L’indagato era tratto in arresto nella flagranza del reato di violenza privata, ancora in atto al momento delle forse dell’ordine ed era proseguita anche dopo il loro intervento in quanto l’uomo aveva continuato ad ingiuriare l’ex convivente anche in loro presenza.

Il Giudice delle indagini preliminari aveva posto a conferma della propria decisione il convincimento che si era trattato di un dissidio familiare senza concreti rischi per la persona offesa, e che trattandosi di arresto facoltativo, non era giustificato né dalla gravità del fatto, proprio perché era stato l’indagato a chiamare le forze dell’ordine, né dalla personalità dell’uomo che era anziano ed incensurato.

Il Procuratore della Repubblica impugnate aveva evidenziato, a sostegno del ricorso, che la coazione in danno della persona offesa si era protratta per oltre mezz’ora, tanto da causarle un malore che richiedesse il ricovero in ospedale; inoltre quanto all’indagato questi risultava essere gravato da diversi precedenti emergenti solamente dalla banca dati delle forze di polizia.

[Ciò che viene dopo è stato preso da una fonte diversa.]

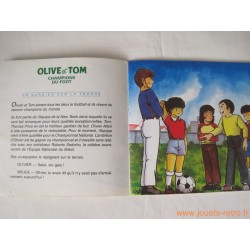 Olive et Tom champion de foot "un gardien sur la touche" - livre disque 45t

Secondo costante orientamento giurisprudenziale in tema di arresto facoltativo in flagranza:

“al giudice della convalida spetta il controllo, oltre che dei presupposti formali dell’arresto, anche delle condizioni di legittimità, ex art. 381 c.p.p.; controllo da intendersi limitato a una verifica di mera ragionevolezza, ponendosi nella medesima situazioni di chi ha operato l’arresto, onde verificare, con riferimento agli elementi conosciuti in quel momento, se la valutazione di procedere all’adozione della misura precautelare resti nella discrezionalità della polizia giudiziaria e trovi, quindi, ragionevole motivo nella gravità del fatto ovvero nella pericolosità del soggetto, e senza estendere il controllo alla verifica della sussistenza né della gravità indiziaria e delle esigenze cautelari né dei presupposti per la affermazione di responsabilità del prevenuto, che per la complessità dei canoni di riferimento, deve ritenersi riservato al giudice della cognizione, né sostituendo a un giudizio ragionevolmente fondato una propria differente valutazione”.

Gli Ermellini, intervenuti sul punto hanno disposto che il ricorso presentato dal Pubblico Ministero merita accoglimento per l’erroneità dei criteri di accertamento della legittimità dell’arresto in flagranza utilizzati dal G.I.P. che, anziché limitarsi alla verifica dell’operato della polizia giudiziaria ha sovrapposto una propria valutazione al giudizio operato dalla polizia giudiziaria in presenza di un’azione coattiva ancora in corso al momento dell’intervento ed in ogni caso connotata di oggettiva gravità in quanto posta in essere nei confronti dell’ex coniuge convivente ed anziana, tanto da provocarle un malore.